◆ **Directions**:
Lines from the one with "Pair it with the matching Purifying Lotion" up to and including the one with "Аккумуляторная пила STIHL" are to be copied exactly from the records below, without their pictures.

Image-text web data
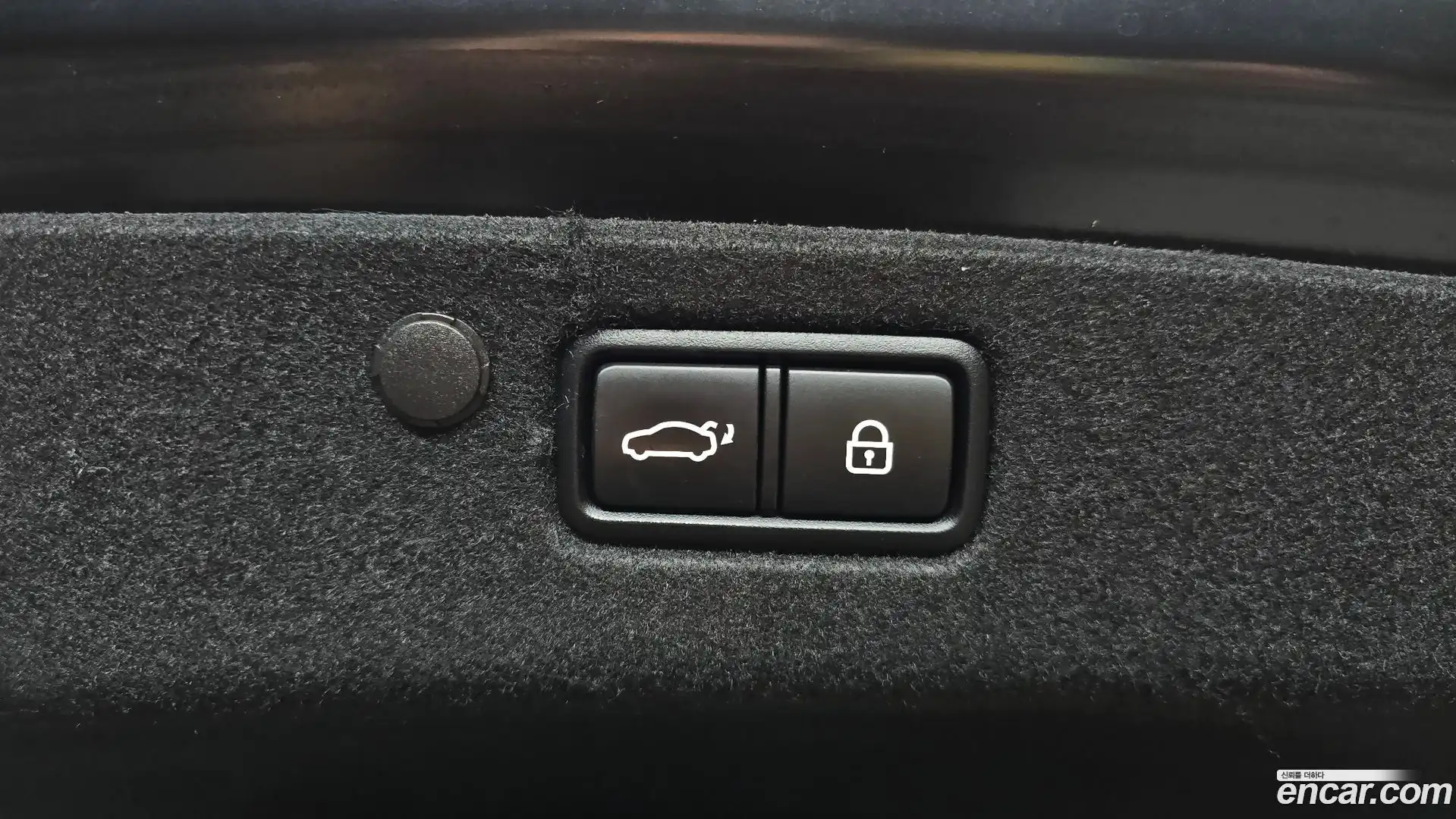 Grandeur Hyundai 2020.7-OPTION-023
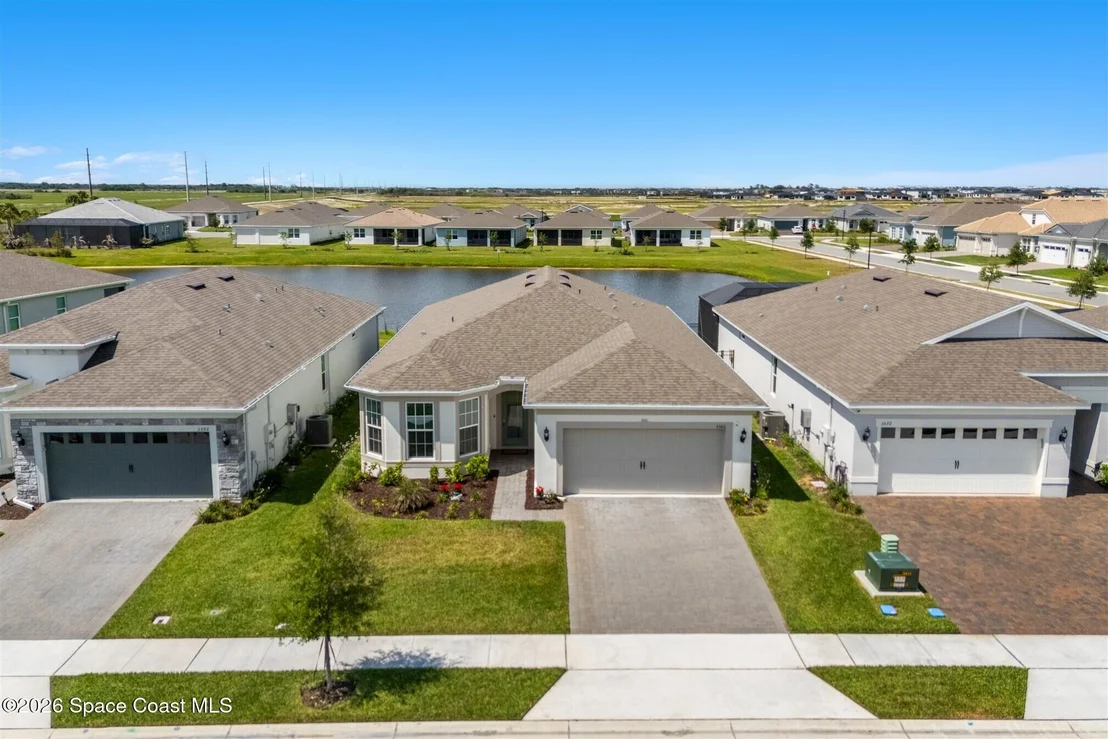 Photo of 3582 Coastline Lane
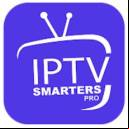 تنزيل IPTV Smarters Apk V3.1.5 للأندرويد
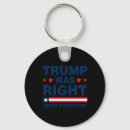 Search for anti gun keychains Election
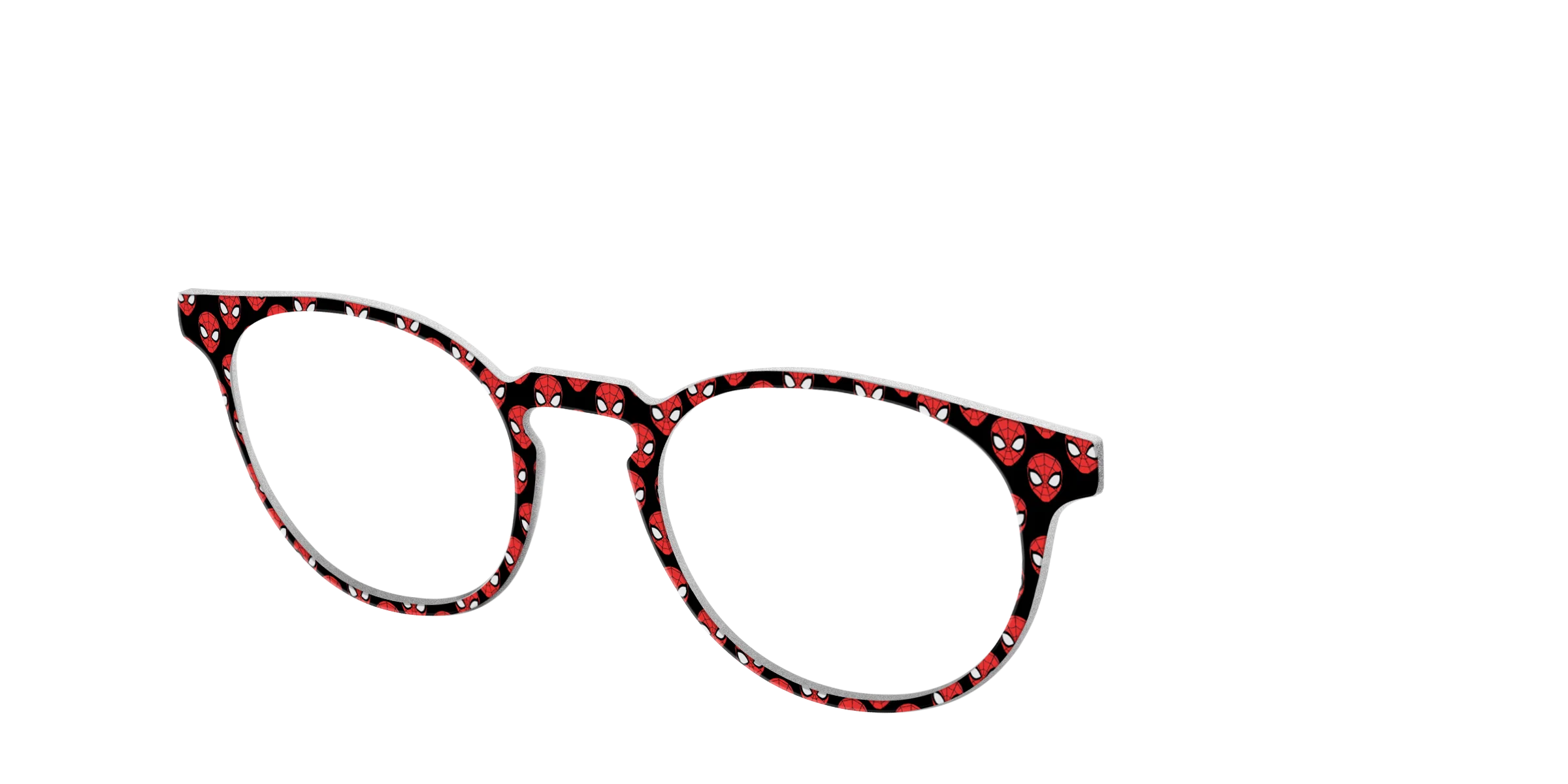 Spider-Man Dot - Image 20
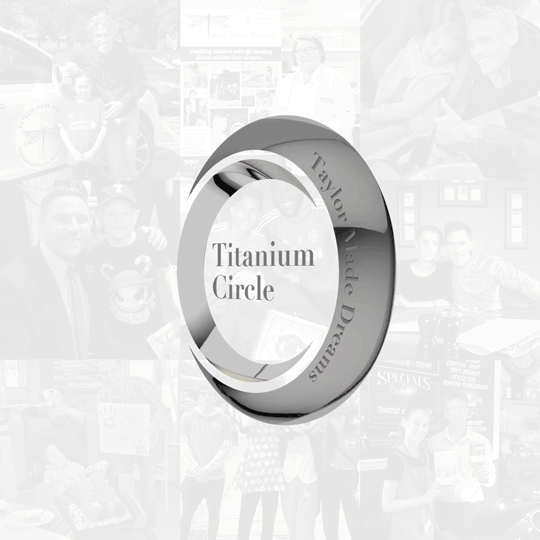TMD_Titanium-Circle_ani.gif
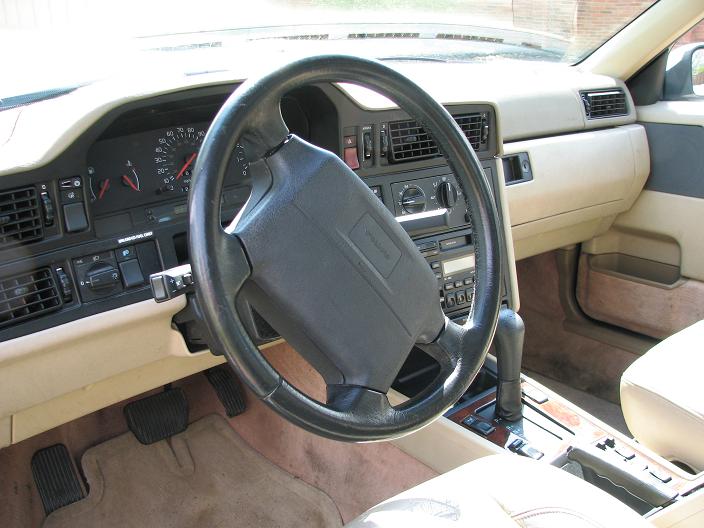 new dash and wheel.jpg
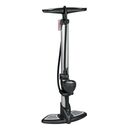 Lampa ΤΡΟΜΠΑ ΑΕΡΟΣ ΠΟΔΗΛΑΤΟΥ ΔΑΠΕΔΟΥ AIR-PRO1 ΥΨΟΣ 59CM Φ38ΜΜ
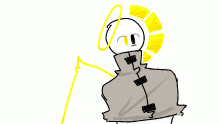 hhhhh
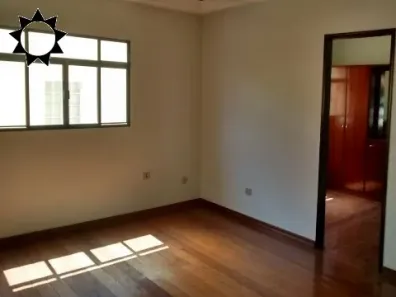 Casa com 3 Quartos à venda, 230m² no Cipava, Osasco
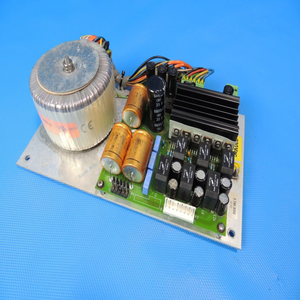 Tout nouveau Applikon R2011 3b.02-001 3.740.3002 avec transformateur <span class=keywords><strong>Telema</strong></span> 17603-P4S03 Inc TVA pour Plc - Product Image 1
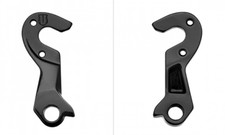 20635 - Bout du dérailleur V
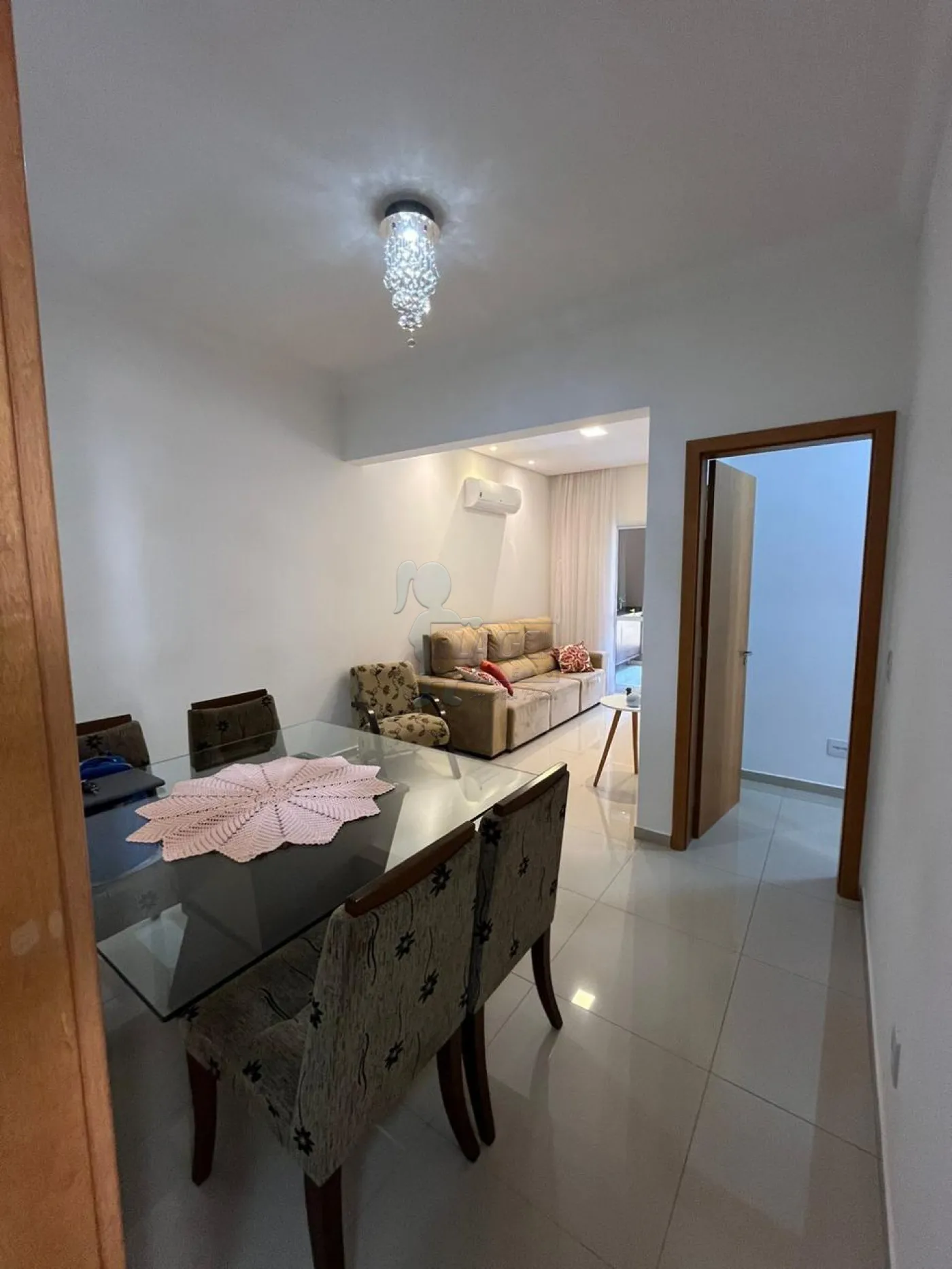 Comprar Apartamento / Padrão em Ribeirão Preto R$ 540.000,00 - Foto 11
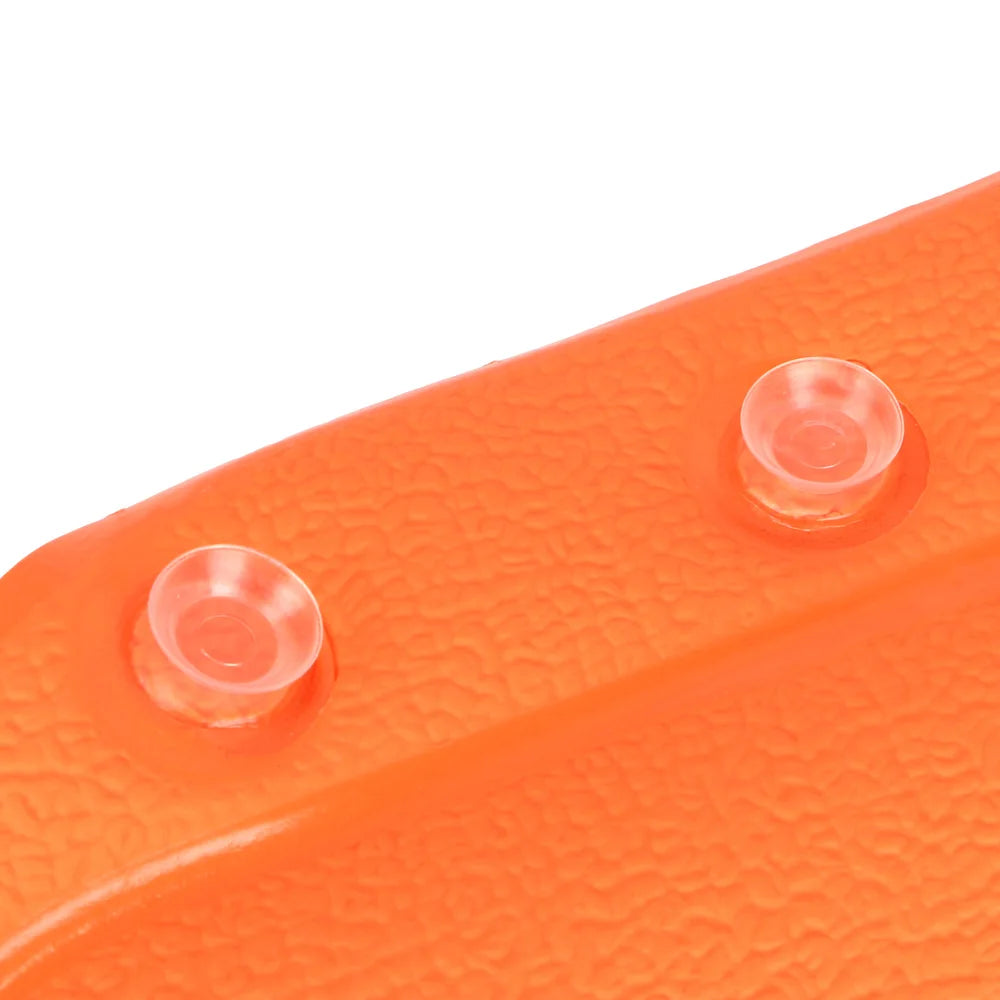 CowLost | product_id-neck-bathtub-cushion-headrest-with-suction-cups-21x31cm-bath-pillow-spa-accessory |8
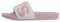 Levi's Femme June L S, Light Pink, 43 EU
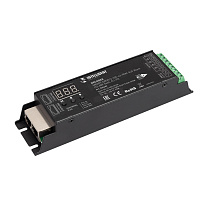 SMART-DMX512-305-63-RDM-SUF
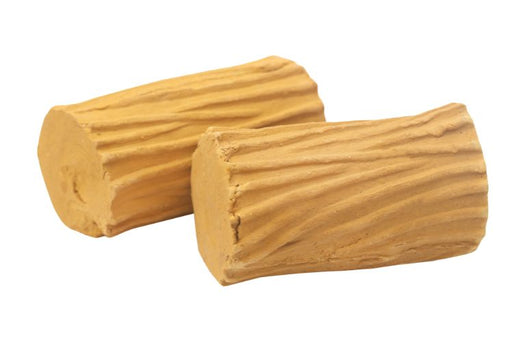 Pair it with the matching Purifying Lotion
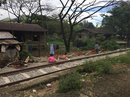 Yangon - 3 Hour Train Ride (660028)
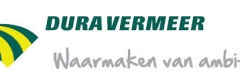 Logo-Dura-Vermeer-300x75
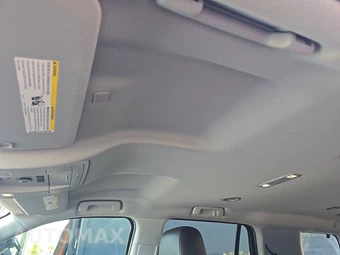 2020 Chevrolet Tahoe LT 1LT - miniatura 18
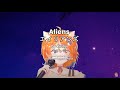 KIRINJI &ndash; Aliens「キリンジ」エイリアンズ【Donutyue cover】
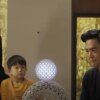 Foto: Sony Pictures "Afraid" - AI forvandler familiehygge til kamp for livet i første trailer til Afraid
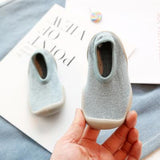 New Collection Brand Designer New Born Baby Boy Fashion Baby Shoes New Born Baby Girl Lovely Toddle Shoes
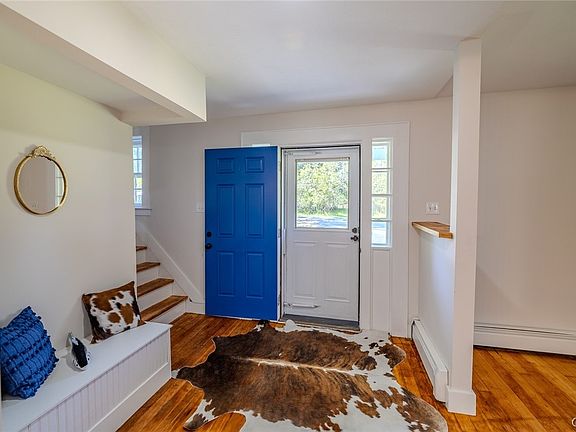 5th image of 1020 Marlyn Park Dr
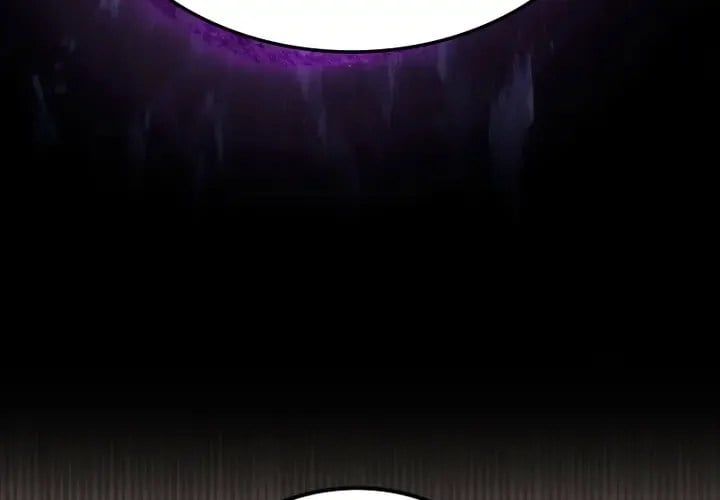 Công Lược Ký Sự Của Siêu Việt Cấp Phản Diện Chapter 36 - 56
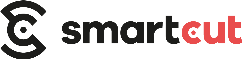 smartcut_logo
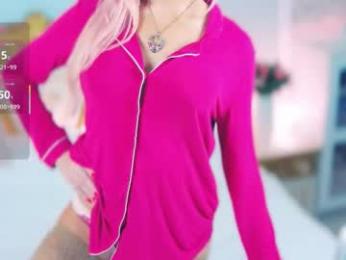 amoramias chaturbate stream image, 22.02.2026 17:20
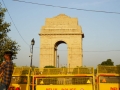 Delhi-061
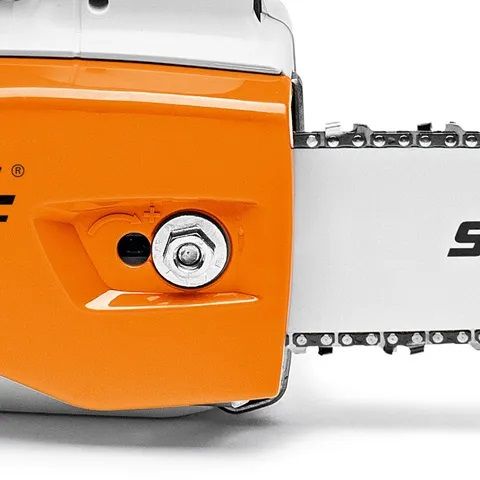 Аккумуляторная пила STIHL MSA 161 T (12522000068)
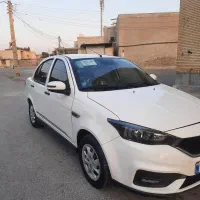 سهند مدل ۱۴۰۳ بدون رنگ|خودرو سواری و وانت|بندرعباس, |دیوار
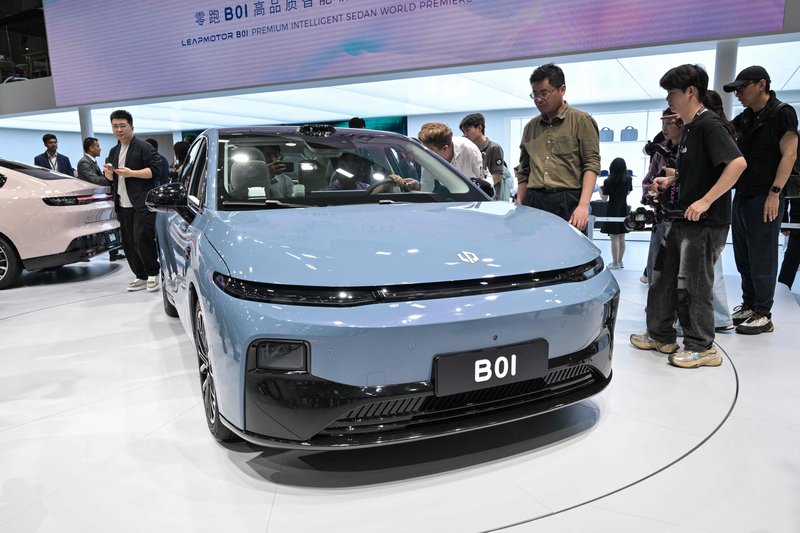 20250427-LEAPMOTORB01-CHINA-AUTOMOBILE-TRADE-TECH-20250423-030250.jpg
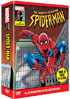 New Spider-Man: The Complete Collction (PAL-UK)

◆ **Reply to the exercise**:
 Pair it with the matching Purifying Lotion
 Yangon - 3 Hour Train Ride (660028)
 Logo-Dura-Vermeer-300x75
 2020 Chevrolet Tahoe LT 1LT - miniatura 18
 KIRINJI &ndash; Aliens「キリンジ」エイリアンズ【Donutyue cover】
 Foto: Sony Pictures "Afraid" - AI forvandler familiehygge til kamp for livet i første trailer til Afraid
 New Collection Brand Designer New Born Baby Boy Fashion Baby Shoes New Born Baby Girl Lovely Toddle Shoes
 5th image of 1020 Marlyn Park Dr
 Công Lược Ký Sự Của Siêu Việt Cấp Phản Diện Chapter 36 - 56
 smartcut_logo
 amoramias chaturbate stream image, 22.02.2026 17:20
 Delhi-061
 Аккумуляторная пила STIHL MSA 161 T (12522000068)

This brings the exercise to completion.